**Work task:** Output exactly the lines from the first line of the records below through the line containing "Certified 2017 Ford", both included, leaving out any pictures.

--- Task input ---

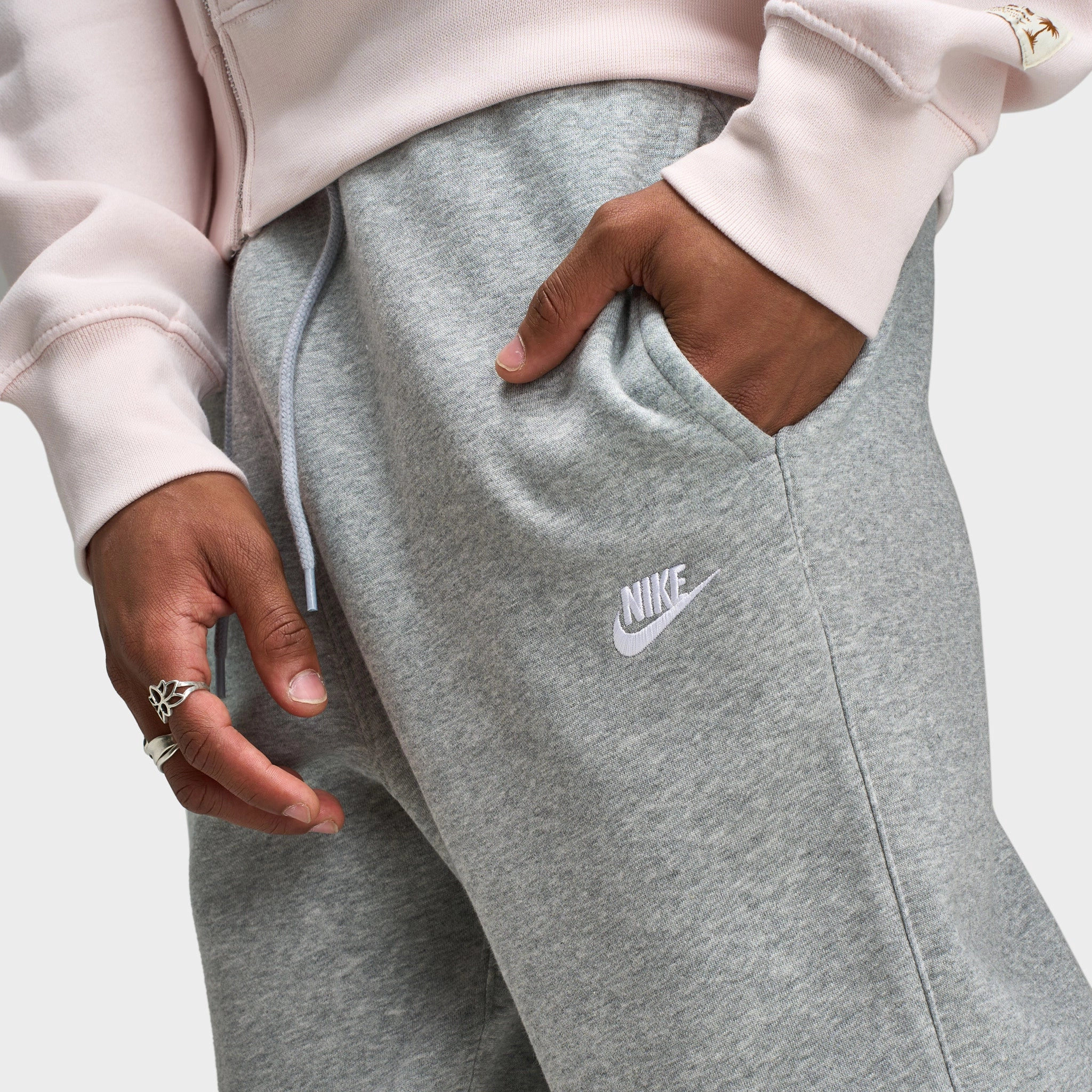 Nike Club Fleece Joggers Dark Grey Heather / Light Smoke Grey - White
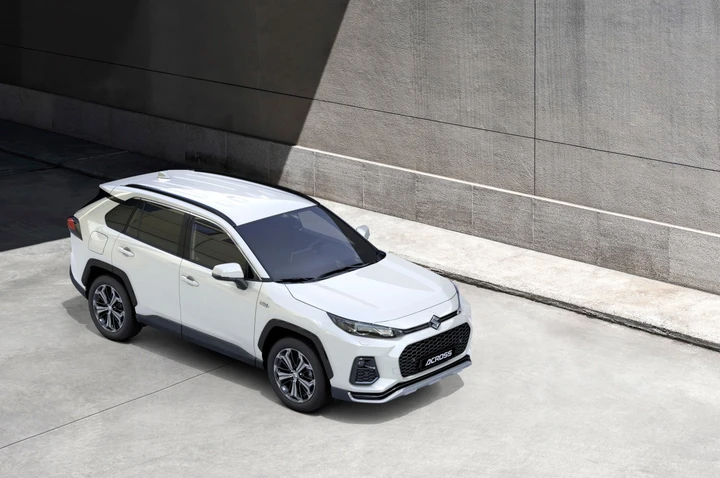 Suzuki Across: immagini ufficiali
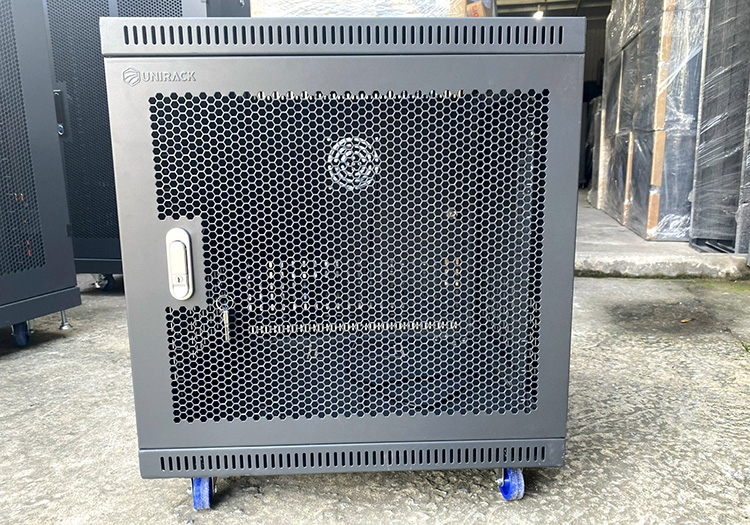 Tủ rack 10U D600, Tủ mạng 10U D600 màu đen Unirack 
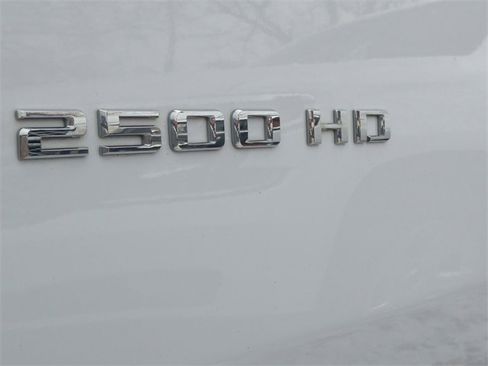 Used 2022 Chevrolet Silverado 2500 LT w/ Snow Plow Prep/Camper Package image 30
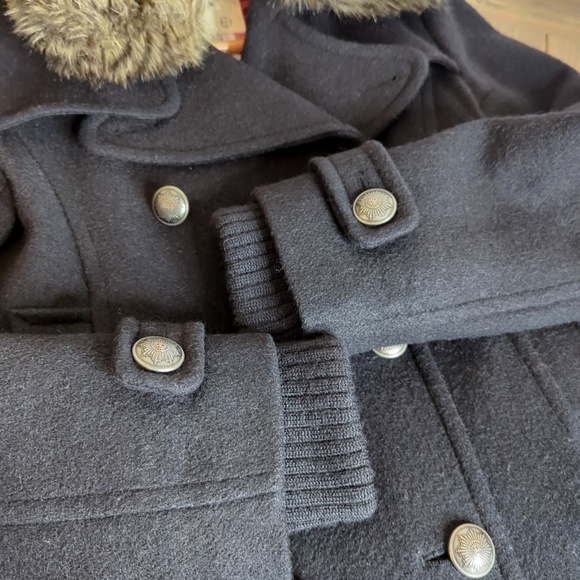 Aritzia Community Black Wool Winter Coat with Faux Fur Collar XS - Picture 14 of 16
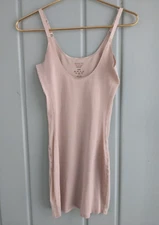 Spanx Assets Full Slip Womens Medium Shapewear FS3515 Open Bust Red Hot Rose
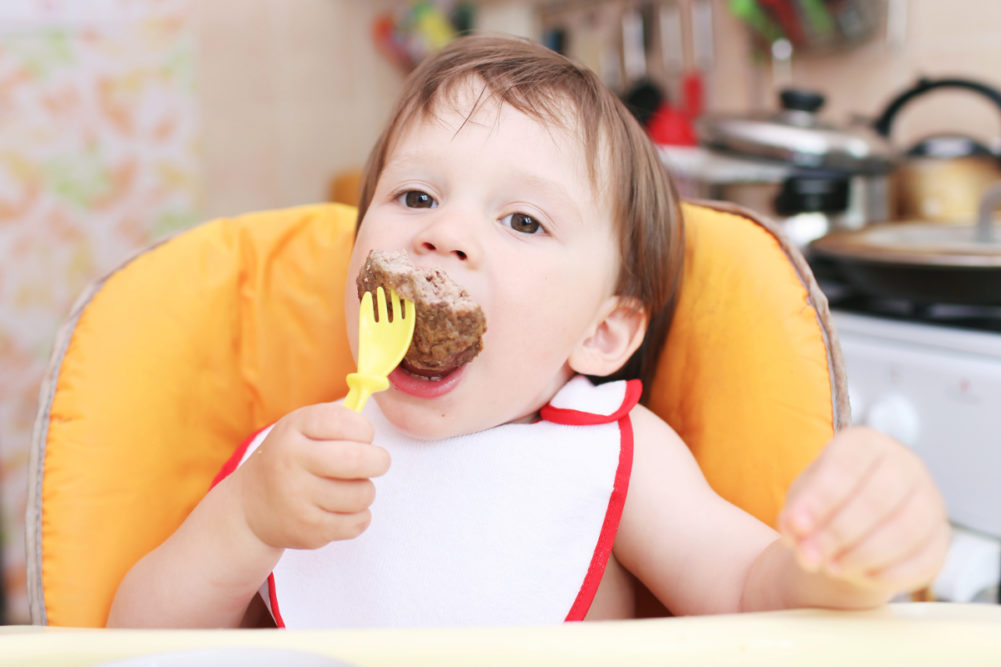 Bổ sung chất đạm phù hợp giúp kích thích tạo xương và phát triển cơ bắp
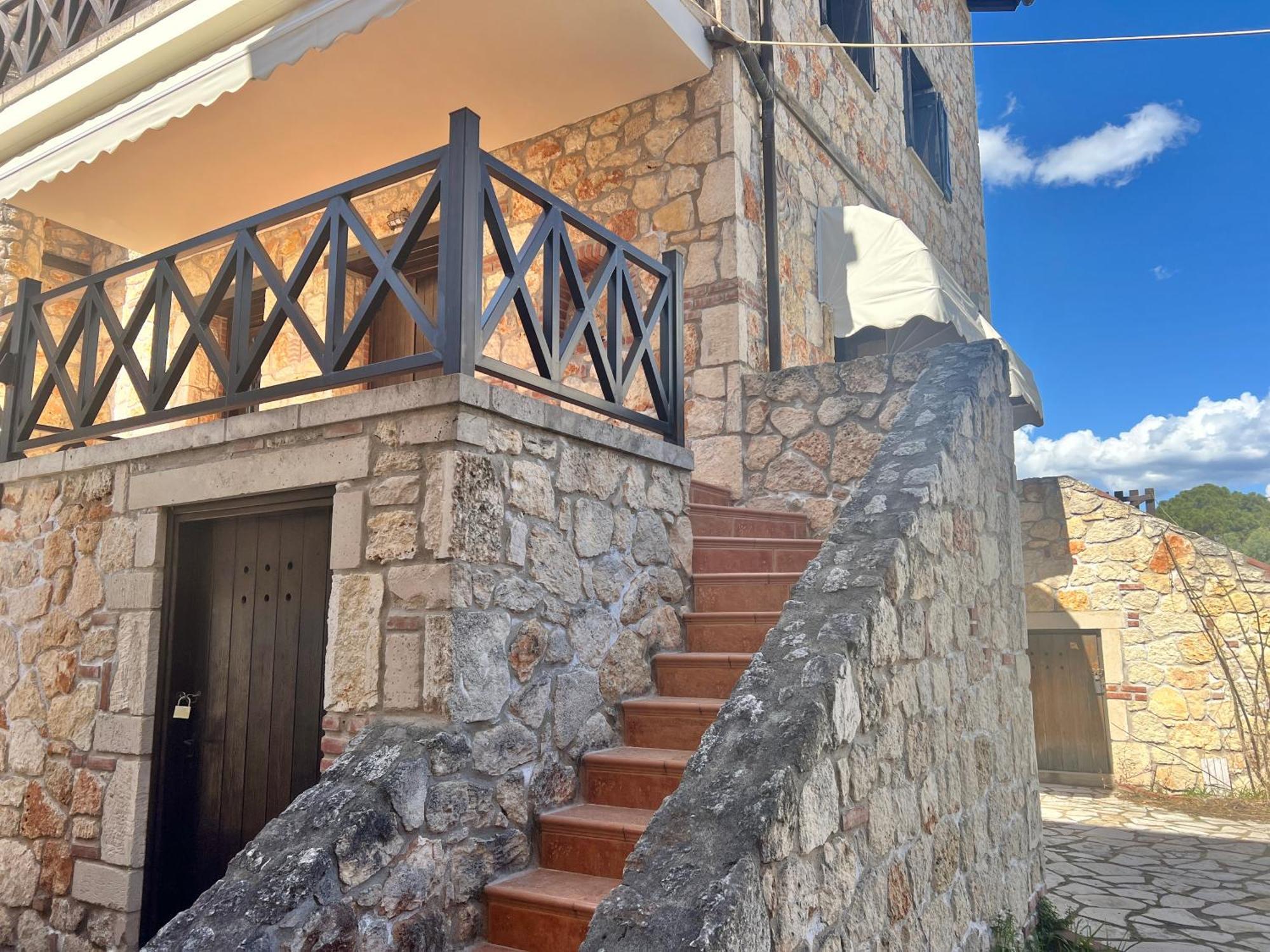 Boutique Stone House Guest House Псахудиа Екстериор снимка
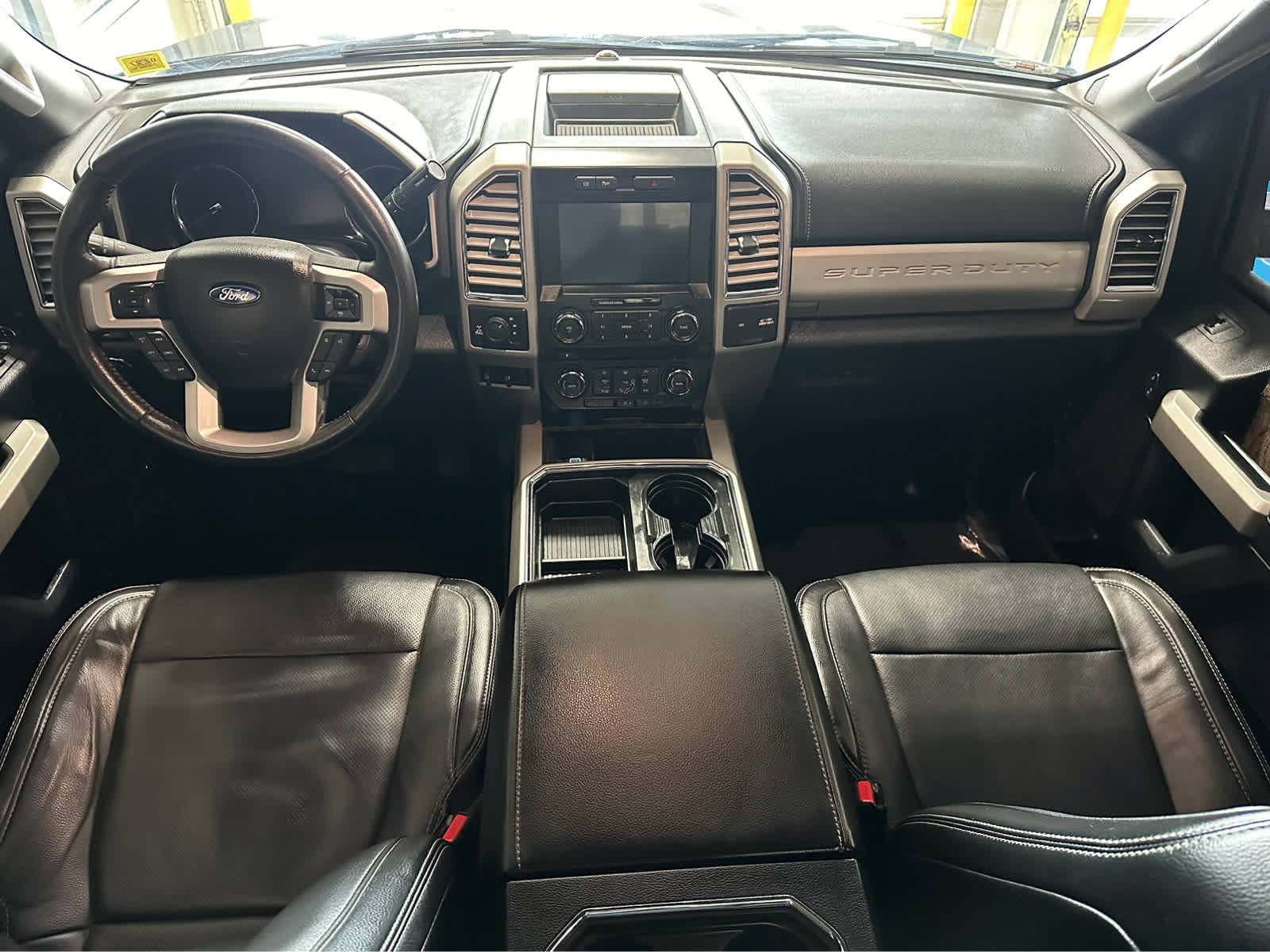 Certified 2017 Ford F350 Lariat w/ Chrome Package image 11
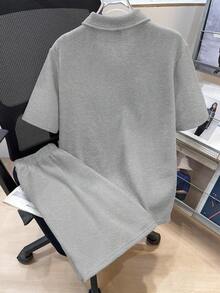 SHEIN 2件/組 青少年男款寬鬆版型素色翻領短袖 Polo 衫與短褲套裝，適合通勤、上學、日常、運動的休閒穿搭，適用於春/夏季 - 灰色 - 查看 2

---

**Reply to the exercise:**
 Nike Club Fleece Joggers Dark Grey Heather / Light Smoke Grey - White
 Suzuki Across: immagini ufficiali
 Tủ rack 10U D600, Tủ mạng 10U D600 màu đen Unirack 
 Used 2022 Chevrolet Silverado 2500 LT w/ Snow Plow Prep/Camper Package image 30
 Aritzia Community Black Wool Winter Coat with Faux Fur Collar XS - Picture 14 of 16
 Spanx Assets Full Slip Womens Medium Shapewear FS3515 Open Bust Red Hot Rose
 Bổ sung chất đạm phù hợp giúp kích thích tạo xương và phát triển cơ bắp
 Boutique Stone House Guest House Псахудиа Екстериор снимка
 Certified 2017 Ford F350 Lariat w/ Chrome Package image 11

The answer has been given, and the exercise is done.